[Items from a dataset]
+++

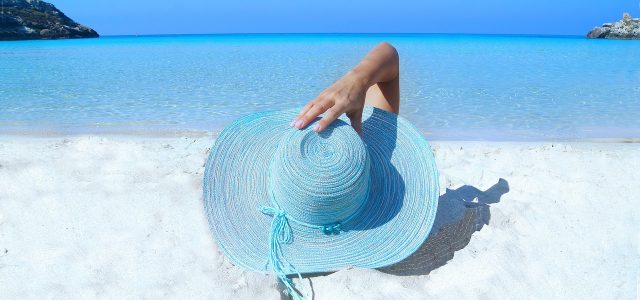5 raisons pour lesquelles les gens devraient porter un chapeau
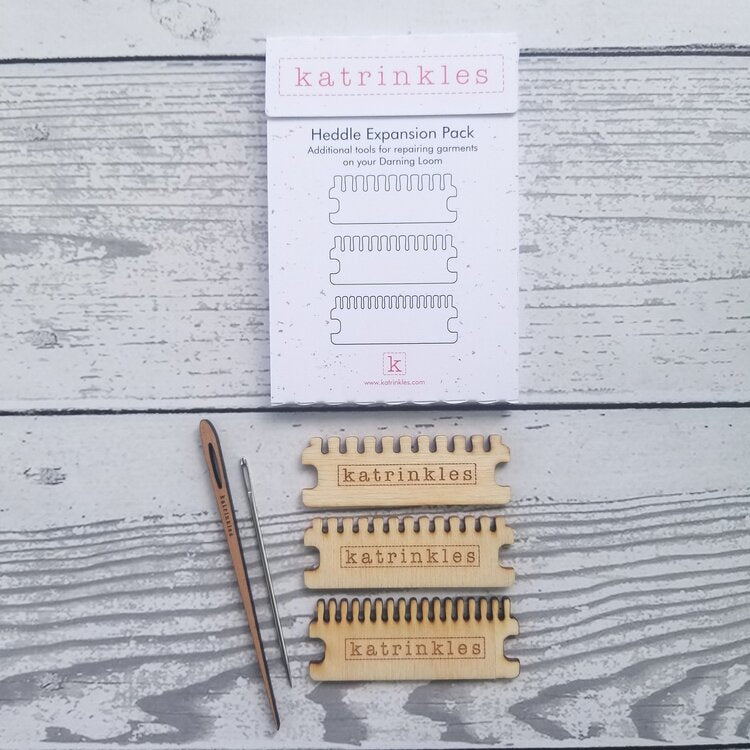 Katrinkles Tools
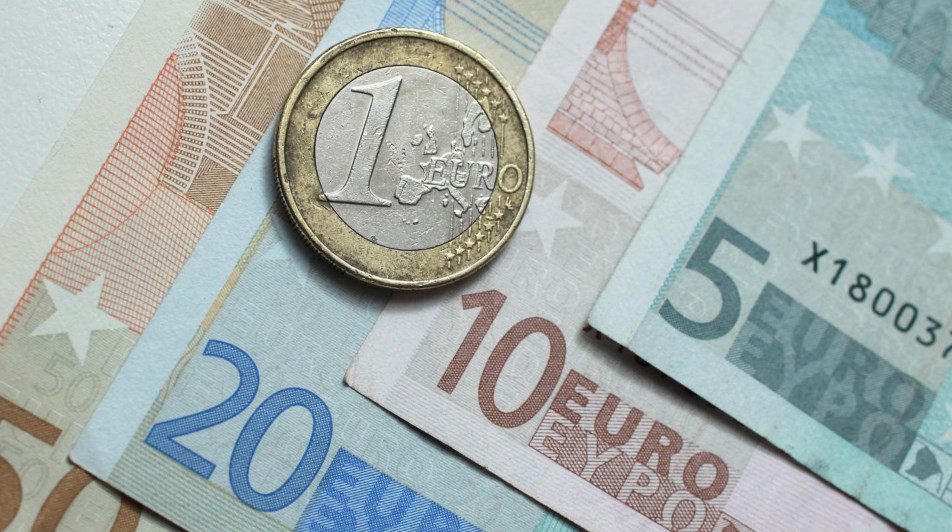 Analisa Harian Forex (EURUSD) 12 Februari 2020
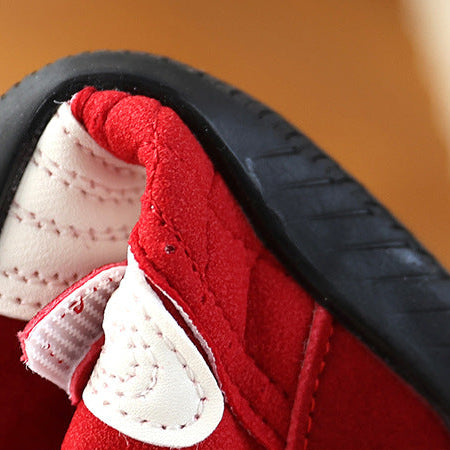 【13.0-19.0】スポーティースニーカー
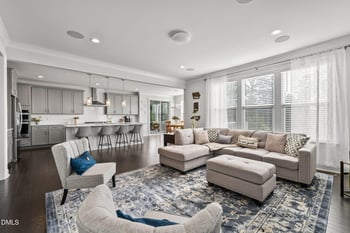 163 Annabelle Branch Ln, Apex, NC 27523
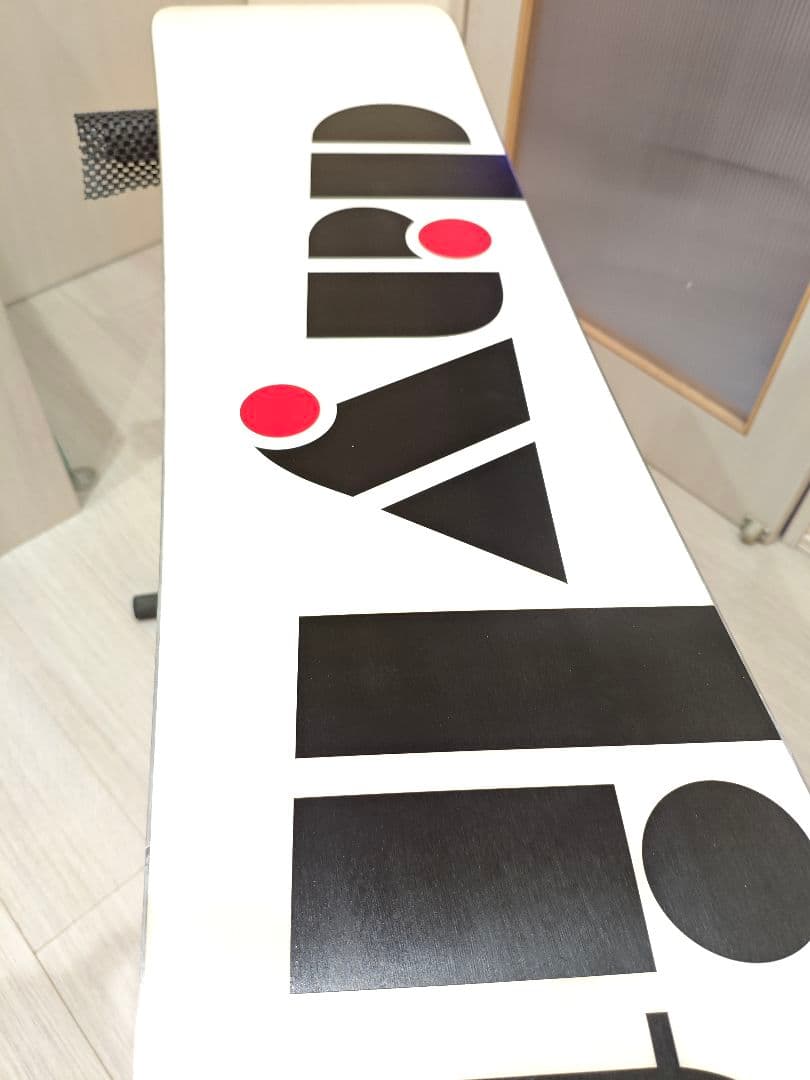 scooter daylife スノーボード板 150cmスクーター　デイライフ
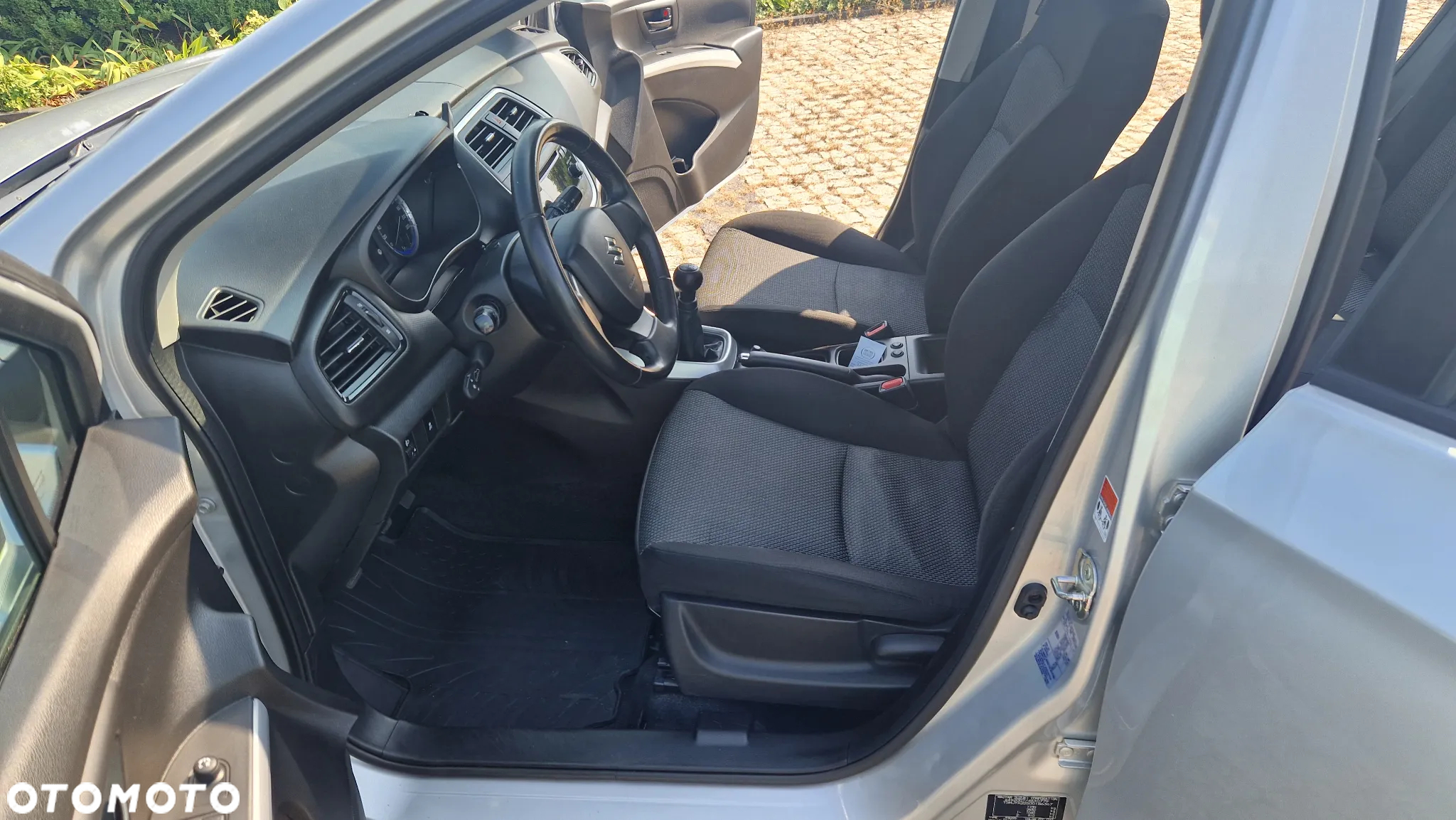 Suzuki SX4 S-Cross - 18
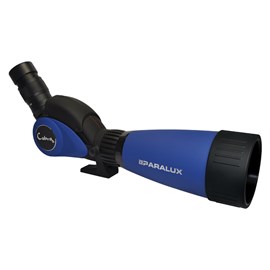 Longue vue cobra 20-60x80 + valise alu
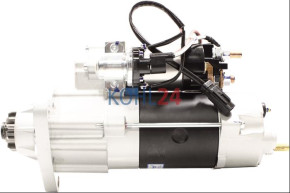 Anlasser Caterpillar Bosch 0001350012 0001350013 24 Volt 8,4 KW Original Prestolite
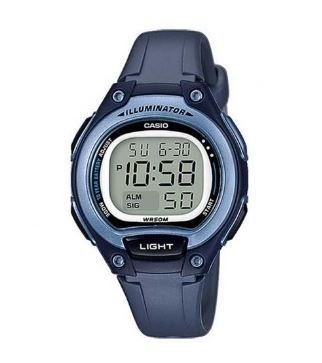 CASIO LW-203-2A BAYAN KOL SAATİ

+++

[PROBLEM REQUIREMENTS] Return all the data exactly, pictures omitted.

[OUTPUT FOR THIS EXERCISE]
5 raisons pour lesquelles les gens devraient porter un chapeau
 Katrinkles Tools
 Analisa Harian Forex (EURUSD) 12 Februari 2020
 【13.0-19.0】スポーティースニーカー
 163 Annabelle Branch Ln, Apex, NC 27523
 scooter daylife スノーボード板 150cmスクーター　デイライフ
 Suzuki SX4 S-Cross - 18
 Longue vue cobra 20-60x80 + valise alu
 Anlasser Caterpillar Bosch 0001350012 0001350013 24 Volt 8,4 KW Original Prestolite
 CASIO LW-203-2A BAYAN KOL SAATİ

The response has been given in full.